Remember back in 2020 when HSBC froze the accounts of various Hong Kong democracy activists, and froze the accounts holding donations for a non-profit organization supporting their efforts? Rightly, there was uproar, with the bank’s CEO Noel Quinn quizzed by Parliament, and protests by senators of both parties in the US. My wife closed her HSBC accounts in protest.
We can all recognize communist or fascist tyranny. We know when businesses bow down to tyrants.
Flick forward to 2022: Paypal has closed the accounts of ‘toadmeister’ Toby Young, and the Free Speech Union he founded and leads. No explanation.
This is the face of tech tyranny. The Free Speech Union exists only to defend people whose lives and careers have already been actually ruined by locally-empowered tyrants who hate them. That willingness to defend the persecuted is what Paypal now decrees is beyond the pale.
Loathsome to to their corporate beliefs, apparently, are attempts to defend those already unjustly persecuted for speech-crimes.
President (for life?) and CEO of Paypal is Daniel Shulman. He is a tyrant, every inch as recognizably as Hong Kong’s communist lick-spittles.
Tyranny like this will certainly flourish and extend its malevolent grip unless it is stopped. What can be done?
Cancel your Paypal account. There are alternatives which at present are less grotesquely horrible.
Join the Free Speech Union. The £50 annual subscription is the cost of fighting back.
Write to your MP. Bad actors like Paypal get away with it because they have engineered a monopolistic or near-monopolistic market position. Point out that Paypal warrants an investigation by the Competition and Markets Authority.
Complain to the Competition and Markets Authority about Paypal’s abuse of its market position.
Tech tyranny is the greatest threat to an open, informed society which our representative democracy needs. The US tech monsters have effectively waged war on US society, for profit, and in doing so have turned the US into a cautionary tale.
Paypal’s assault is not just the principle of free speech itself, but the principle that defending free speech from malevolent actors who would suppress it. It is a warning shot. It’s not a glimpse into a dystopian future. It’s a revelation that. . . we’re already there.
Addendum. It strikes me that PayPal might be vulnerable to a libel action from the Free Speech Union. After all, PayPal's actions are justified, they say, by FSU's breach of their Acceptable Use Policy, which ban those "that promote hate, violence or racial intolerance." By its action, PayPal is publicly accusing FSU of that. That looks to me like libel: FSU should sue, and invite them to prove it in a British court. Any lawyers out there willing to take the case?

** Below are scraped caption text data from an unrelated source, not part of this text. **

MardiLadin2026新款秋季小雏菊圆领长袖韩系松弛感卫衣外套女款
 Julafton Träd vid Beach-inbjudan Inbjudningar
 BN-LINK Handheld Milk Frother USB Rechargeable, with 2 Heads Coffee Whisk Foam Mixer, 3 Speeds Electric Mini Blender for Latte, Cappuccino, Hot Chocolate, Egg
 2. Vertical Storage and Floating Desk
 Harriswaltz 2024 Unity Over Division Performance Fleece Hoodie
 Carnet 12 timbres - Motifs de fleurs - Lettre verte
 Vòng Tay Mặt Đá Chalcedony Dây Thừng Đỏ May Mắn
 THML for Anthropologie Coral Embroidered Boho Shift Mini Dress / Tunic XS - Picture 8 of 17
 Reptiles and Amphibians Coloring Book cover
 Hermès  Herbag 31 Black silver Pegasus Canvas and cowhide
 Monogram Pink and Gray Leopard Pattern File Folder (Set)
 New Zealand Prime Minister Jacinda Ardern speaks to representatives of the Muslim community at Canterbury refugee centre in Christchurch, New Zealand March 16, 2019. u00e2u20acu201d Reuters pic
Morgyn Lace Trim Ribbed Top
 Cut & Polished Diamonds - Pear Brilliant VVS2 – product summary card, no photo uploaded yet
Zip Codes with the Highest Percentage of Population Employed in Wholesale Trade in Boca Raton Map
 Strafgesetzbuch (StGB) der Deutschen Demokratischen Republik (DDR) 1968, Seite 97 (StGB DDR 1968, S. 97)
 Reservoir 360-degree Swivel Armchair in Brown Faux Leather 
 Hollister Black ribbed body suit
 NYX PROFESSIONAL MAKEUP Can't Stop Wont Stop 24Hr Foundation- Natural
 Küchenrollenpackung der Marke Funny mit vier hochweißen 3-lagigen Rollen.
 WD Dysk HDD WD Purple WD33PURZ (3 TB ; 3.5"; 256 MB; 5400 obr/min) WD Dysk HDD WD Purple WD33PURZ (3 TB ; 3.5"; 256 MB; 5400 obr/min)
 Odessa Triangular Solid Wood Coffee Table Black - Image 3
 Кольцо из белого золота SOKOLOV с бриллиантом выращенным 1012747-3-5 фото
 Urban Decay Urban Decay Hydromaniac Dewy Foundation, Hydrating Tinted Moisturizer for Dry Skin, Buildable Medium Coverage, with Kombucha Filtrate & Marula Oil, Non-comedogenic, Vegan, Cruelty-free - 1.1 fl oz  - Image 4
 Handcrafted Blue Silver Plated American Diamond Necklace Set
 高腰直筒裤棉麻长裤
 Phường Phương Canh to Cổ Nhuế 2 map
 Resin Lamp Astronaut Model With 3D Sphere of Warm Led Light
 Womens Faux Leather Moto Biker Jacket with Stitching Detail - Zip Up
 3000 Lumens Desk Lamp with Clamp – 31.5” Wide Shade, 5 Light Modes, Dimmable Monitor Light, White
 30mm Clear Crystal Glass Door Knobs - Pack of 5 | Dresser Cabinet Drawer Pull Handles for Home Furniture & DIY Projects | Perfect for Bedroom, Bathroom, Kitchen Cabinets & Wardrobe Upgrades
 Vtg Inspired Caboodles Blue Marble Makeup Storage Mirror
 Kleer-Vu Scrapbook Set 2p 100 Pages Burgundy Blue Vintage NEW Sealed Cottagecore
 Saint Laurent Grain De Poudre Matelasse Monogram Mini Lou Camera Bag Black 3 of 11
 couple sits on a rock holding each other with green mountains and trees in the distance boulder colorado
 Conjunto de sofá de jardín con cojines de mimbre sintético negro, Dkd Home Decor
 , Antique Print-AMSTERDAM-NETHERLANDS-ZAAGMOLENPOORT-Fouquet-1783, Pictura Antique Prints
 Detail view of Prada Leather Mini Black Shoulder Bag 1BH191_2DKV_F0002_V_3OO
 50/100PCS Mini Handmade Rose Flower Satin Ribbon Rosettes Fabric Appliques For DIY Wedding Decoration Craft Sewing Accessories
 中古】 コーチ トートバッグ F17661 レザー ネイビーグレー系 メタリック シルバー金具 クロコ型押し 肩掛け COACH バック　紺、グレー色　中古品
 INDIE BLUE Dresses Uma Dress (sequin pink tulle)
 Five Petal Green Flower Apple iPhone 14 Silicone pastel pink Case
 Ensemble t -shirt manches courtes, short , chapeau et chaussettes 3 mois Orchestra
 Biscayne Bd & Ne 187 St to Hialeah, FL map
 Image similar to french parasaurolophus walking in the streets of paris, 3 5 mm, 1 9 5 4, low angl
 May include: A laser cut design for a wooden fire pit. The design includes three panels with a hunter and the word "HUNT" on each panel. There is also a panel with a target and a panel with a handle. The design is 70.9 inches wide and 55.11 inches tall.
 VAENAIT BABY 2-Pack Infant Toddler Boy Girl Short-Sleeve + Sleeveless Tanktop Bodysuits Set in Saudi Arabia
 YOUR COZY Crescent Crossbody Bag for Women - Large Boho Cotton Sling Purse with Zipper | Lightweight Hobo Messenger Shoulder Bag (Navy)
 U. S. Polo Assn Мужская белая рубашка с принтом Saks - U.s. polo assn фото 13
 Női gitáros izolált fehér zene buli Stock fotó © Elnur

Another addendum. It turns out that the tyrant had planned to fine its customers US$2,500 in the US for being involved in 'misinformation' - their definition, obviously. After further inevitable outcry, this published policy has now been withdrawn and said to have been published 'in error'.
Which sounds suspiciously like spreading misinformation to me.
But it is further striking evidence of why everyone should be avoiding like the plagues this tyranny that would so dearly love to be unfettered.